'Sent down for indecent behaviour, eh? said Paul Pennyfeather's guardian. 'Well, thank God your poor father has been spared this disgrace. That's all I can say.

There was a hush in Onslow Square, unbroken except by Paul's guardian's daughter's gramophone playing Gilbert and Sullivan in her little pink boudoir at the top of the stairs.

'My daughter must know nothing of this, continued Paul's guardian.

There was another pause.

'Well, he resumed, 'you know the terms of your father's will. He left the sum of five thousand pounds, the interest of which was to be devoted to your education and the sum to be absolutely yours on your twenty‑first birthday. That, if I am right, falls in eleven months' time. In the event of your education being finished before that time, he left me with complete discretion to withhold this allowance should I not consider your course of life satisfactory. I do not think that I should be fulfilling the trust which your poor father placed in me if, in the present circumstances, I continued any allowance. Moreover, you will be the first to realize how impossible it would be for me to ask you to share the same home with my daughter.

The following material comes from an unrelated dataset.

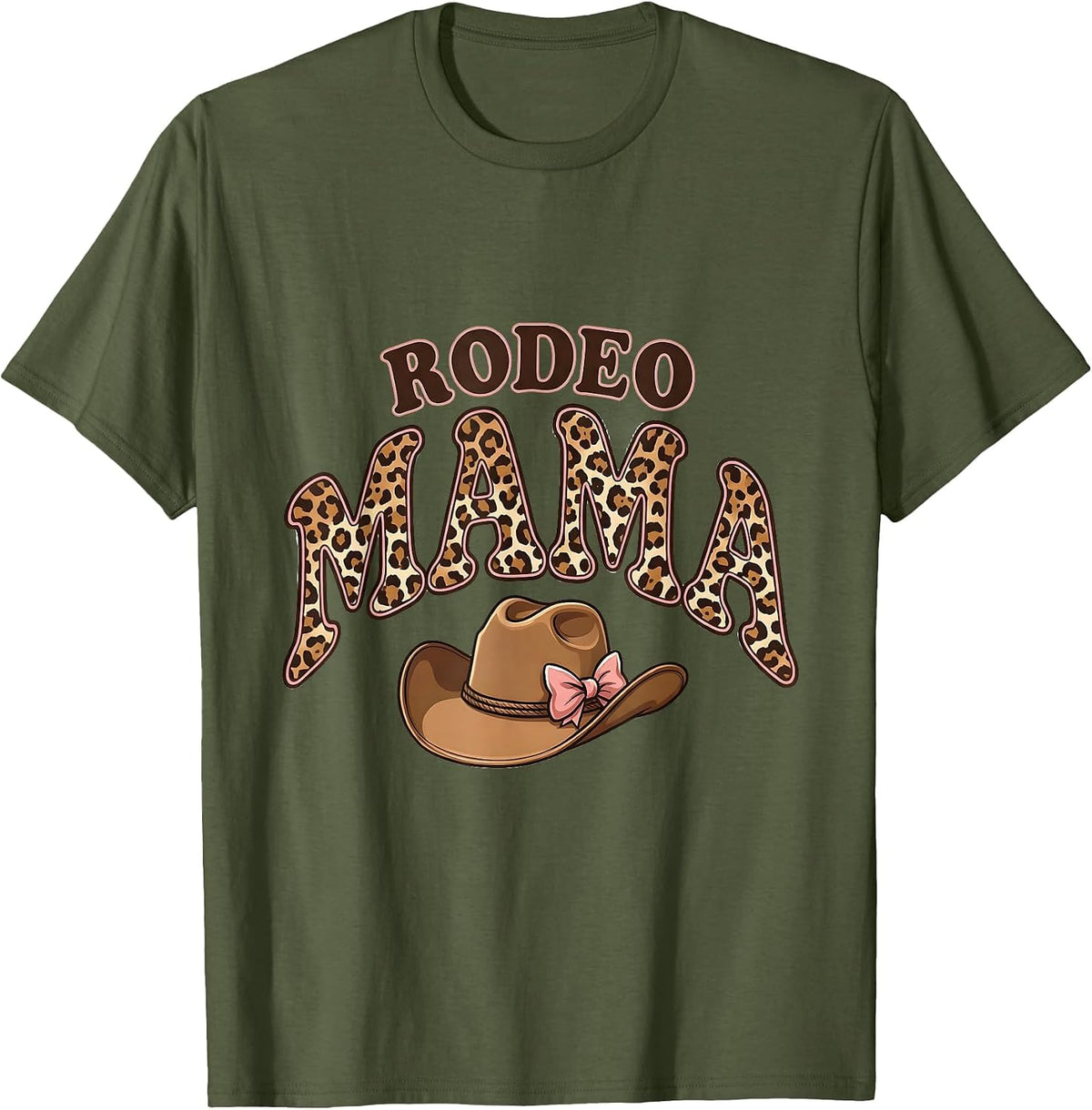 Rodeo Mama Leopard Print Cowgirl Birthday Party Family T-Shirt - Olive Green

'But what is to happen to me? said Paul.

'I think you ought to find some work, said his guardian thoughtfully. 'Nothing like it for taking the mind off nasty subjects.

'But what kind of work?

'Just work, good healthy toil. You have led too sheltered a life, Paul. Perhaps I am to blame. It will do you the world of good to face facts a bit ‑ look at life in the raw, you know. See things steadily and see them whole, eh? And Paul's guardian lit another cigar.

'Have I no legal right to any money at all? asked Paul.